I was just getting vaguely reconciled to the idea of Beazley as Labor leader when he came out with the following claim in a speech at the Lowy Institute (PDF):
We cannot understand the decisions of 1914, and we cannot understand Gallipoli, if we do not understand that Australia had compelling direct and distinctly Australian reasons for being there, he argued. Australia recognised that Britain would become increasingly less able and willing to guarantee Australia’s future security. So it was in Australian interests to become an active participant in imperial security, to ensure British power was not eclipsed.
This is wrong in just about every way a historical claim can be wrong
First, it’s not true that the Australian government of the day weighed up whether or not to join the war in any serious fashion, or considered terms for entry that would be advantageous to Australia. Fisher’s statement that we would defend the Mother Country “to the last man and the last shilling” may have been rhetorical bombast, but it accurately captured the lack of calculation in Australia’s commitment.
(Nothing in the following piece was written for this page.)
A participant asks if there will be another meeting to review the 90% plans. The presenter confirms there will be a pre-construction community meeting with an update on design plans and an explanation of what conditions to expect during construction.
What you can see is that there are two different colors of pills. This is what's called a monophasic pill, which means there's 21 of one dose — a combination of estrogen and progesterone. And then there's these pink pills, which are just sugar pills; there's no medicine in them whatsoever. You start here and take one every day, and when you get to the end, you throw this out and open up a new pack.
Even in 1939, Menzies could assert that Britain’s declaration of war on Germany meant that Australia was also at war.
It’s true that having lost so many lives in the War, the Hughes government sought and gained for Australia the status of independent parties in the post war negotiations, and used this for such noble and farsighted ends as blocking a Japanese push to have a racial equality clause included in the covenant of the League of Nations. But this was not an initial objective of participation.
Second, to describe the supposed strategic calculation as ‘prescient’ is bizarre. Our efforts to keep Britain enmeshed in Asia led straight to the disaster of Singapore and the horrors of the Burma railway. We gained nothing from our reliance on the Empire while diverting large numbers of our own troops away from the defence of Australia.
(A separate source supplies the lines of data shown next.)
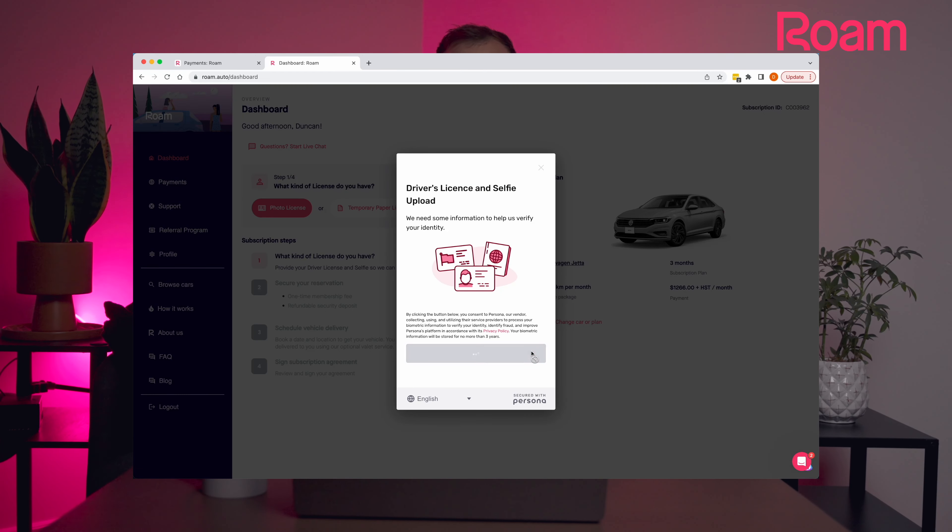Once you've selected your car, we'll ask you to upload your driver's license so we can do a quick background check. Don't worry, your personal information is safe with us. We use best-in-class security technology to protect your information. We just need to ensure that you're allowed to drive.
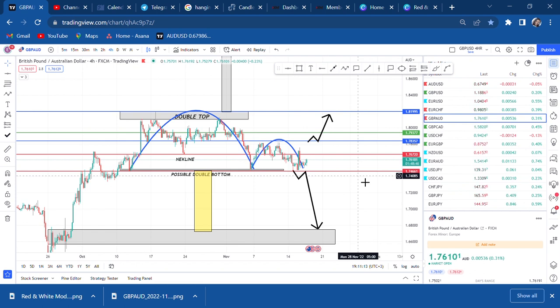I hope you put GBP/AUD on your watch list and let's see how it goes. Thank you and I love you so much. Bye bye!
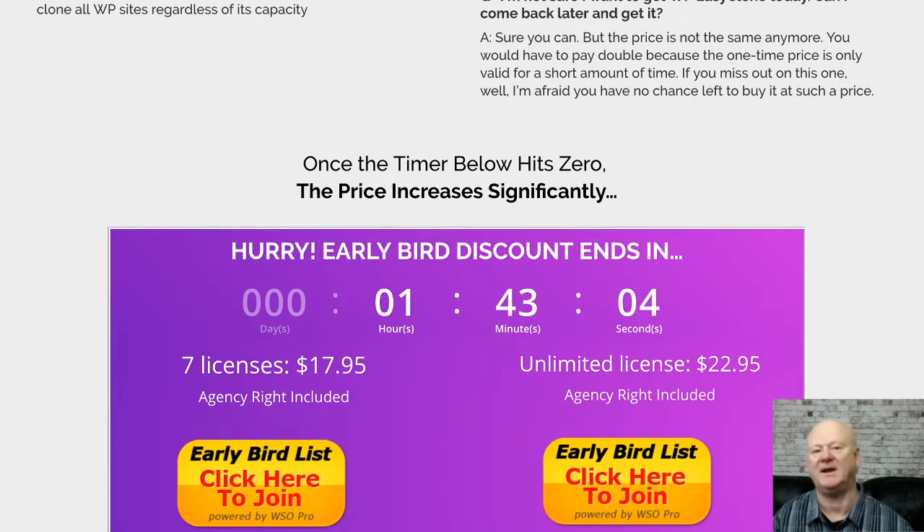Secure your package by clicking on any of the buttons on the bonus page and get your WP Easy Clone package. Your bonuses — you guessed it — they're already there waiting for you in the download area. Thanks for watching.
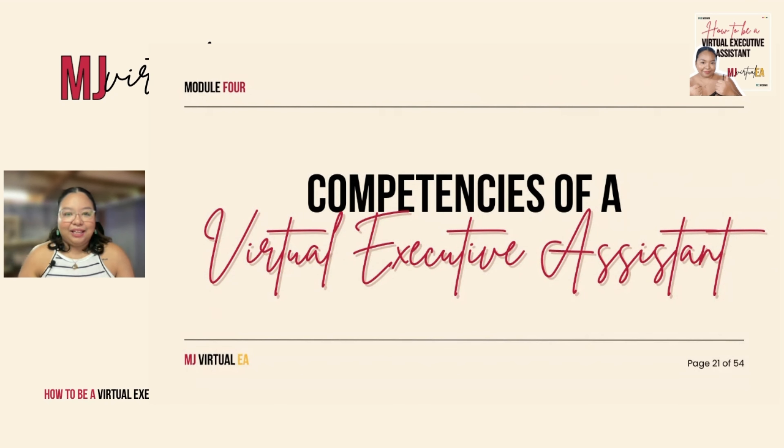Hi there, future virtual executive assistants, and welcome to our fourth module. This is where we're going to discuss the competencies that you should have to be a successful virtual executive assistant.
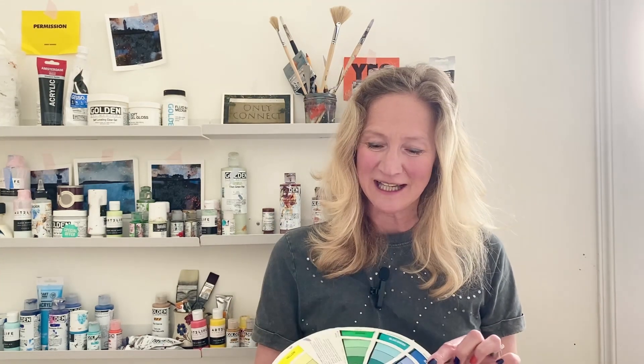Hi there, Clare Kennedy here and welcome to part two of our short series of videos all about colour. In part one we had a look at the colour wheel and the different colour schemes that artists use in their paintings, like monochromatic, analogous and complementary. And today we're going to have a closer look at the complementary colour scheme.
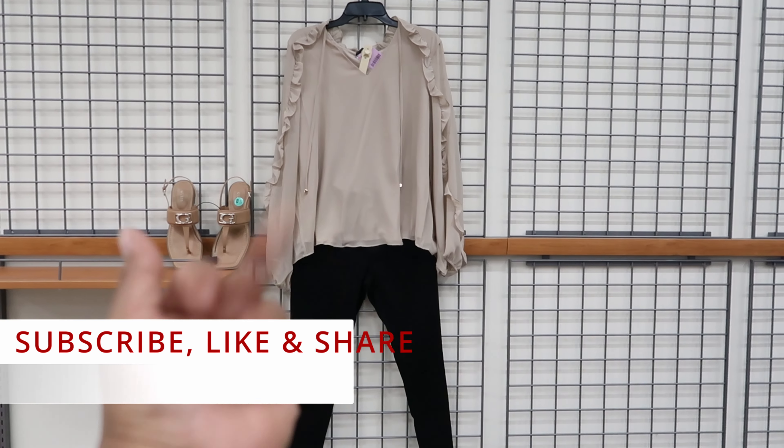Let me know how you guys like this. Do you want me to continue doing videos like this? Is this something that you guys like? Let me know down in the comments. Don't forget to like, comment, and subscribe. Share this video with your friends and family and I will see you guys in the next video.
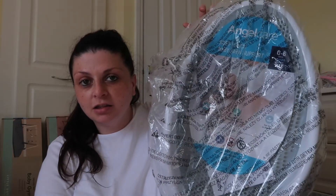Then there are these big ones — I have got two Angelcare soft touch baby bath seats. I got two of them, one for each.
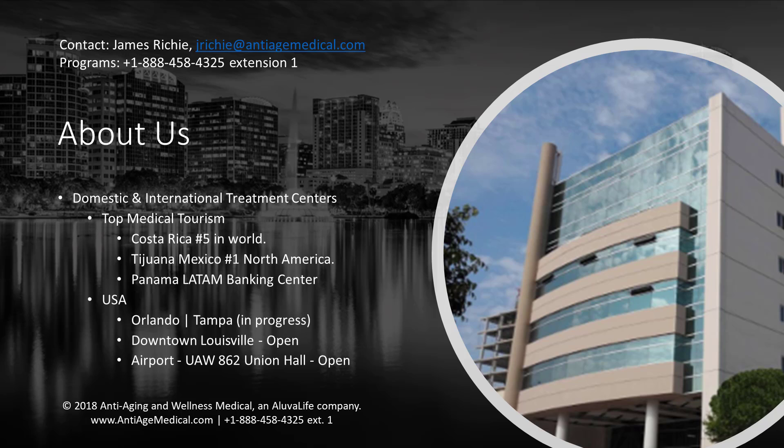We are the number one medical tourism group in Latin America, with treatment centers located in highly ranked medical tourist destinations including Costa Rica (ranked number five in the world), Tijuana, Mexico (now ranked number one in North America), and Panama City, Panama. We are also expanding rapidly in the U.S., with treatment centers opening soon in the Midwest and Florida. Visit our website at antiagemedical.com, call us at 888-458-4325 (888-458-HEAL), and dial extension one for program services. Telemedicine consults are also available.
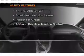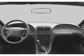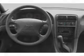And for your peace of mind, the following safety equipment is included: front ventilated disc brakes and a passenger airbag.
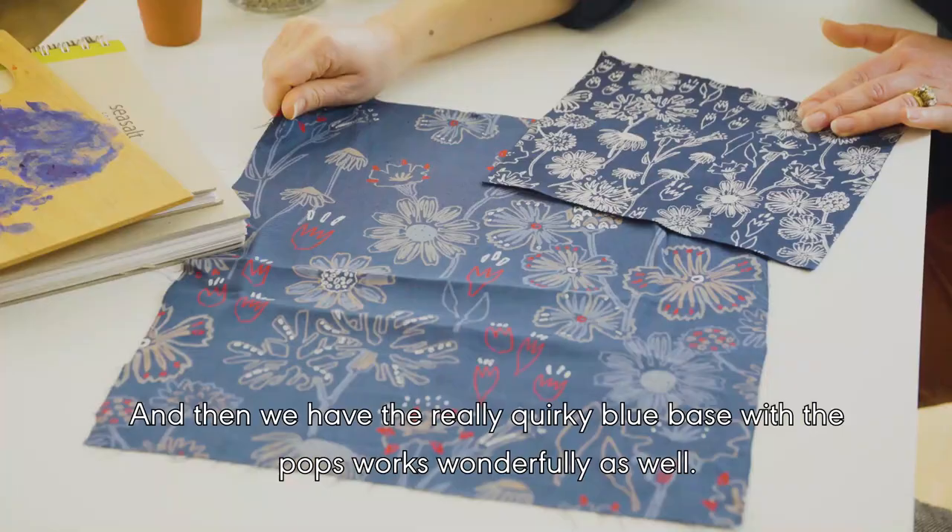Yeah, I love it with these pops of red — they're really unexpected, aren't they?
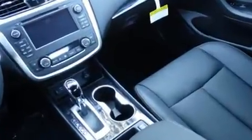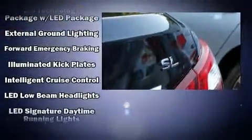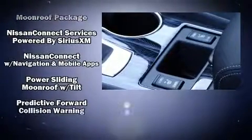Premium sound drives nine speakers, providing you and your passengers a sensational audio experience. In the event of a rollover collision, side curtain airbags provide additional protection for outboard-seated passengers.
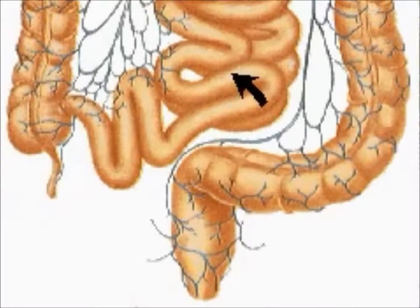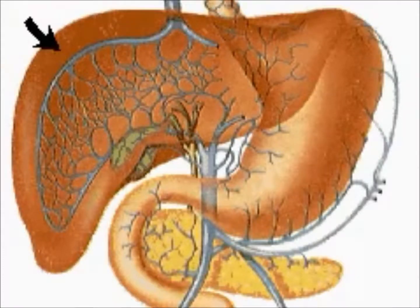From the small intestine, the digested food is received by the liver, which manufactures bile for the gallbladder. The gallbladder stores and discharges the bile, which helps to break down fats into minute droplets.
Third, if all this were true, and even if an alliance with Britain was beneficial to Australia, the alleged strategy amounts to a war crime. It’s one thing to suggest that Australia naively committed large numbers of troops to a defensive war aimed at liberating “gallant little Belgium”. The Australian leaders responsible were morally culpable for their failure to stop the bloodbath of the Great War, but not in the same way as those (most obviously the German High Command, but there were many others) who deliberately pursued war as a route to geopolitical advantage. But on Beazley’s account, Australia was just as guilty as the initial aggressors. On this account we made war on Turkey, a country with which we had no quarrel and no concern. This was done, not as part of a British war in which, considered as Australians, we had no part, but in a deliberate attempt to tilt the postwar international balance of power in our favour. The only comforting thing about this claim is that it is untrue.
fn1. Canada asserted its independent right to make decisions on war commitments during the Chanak crisis of 1922 (in a historical irony, this was also in the Dardanelles, a fact exploited by Lloyd George in calling for Dominion troops). Australia was also unhappy about the call, but temporised until the crisis passed.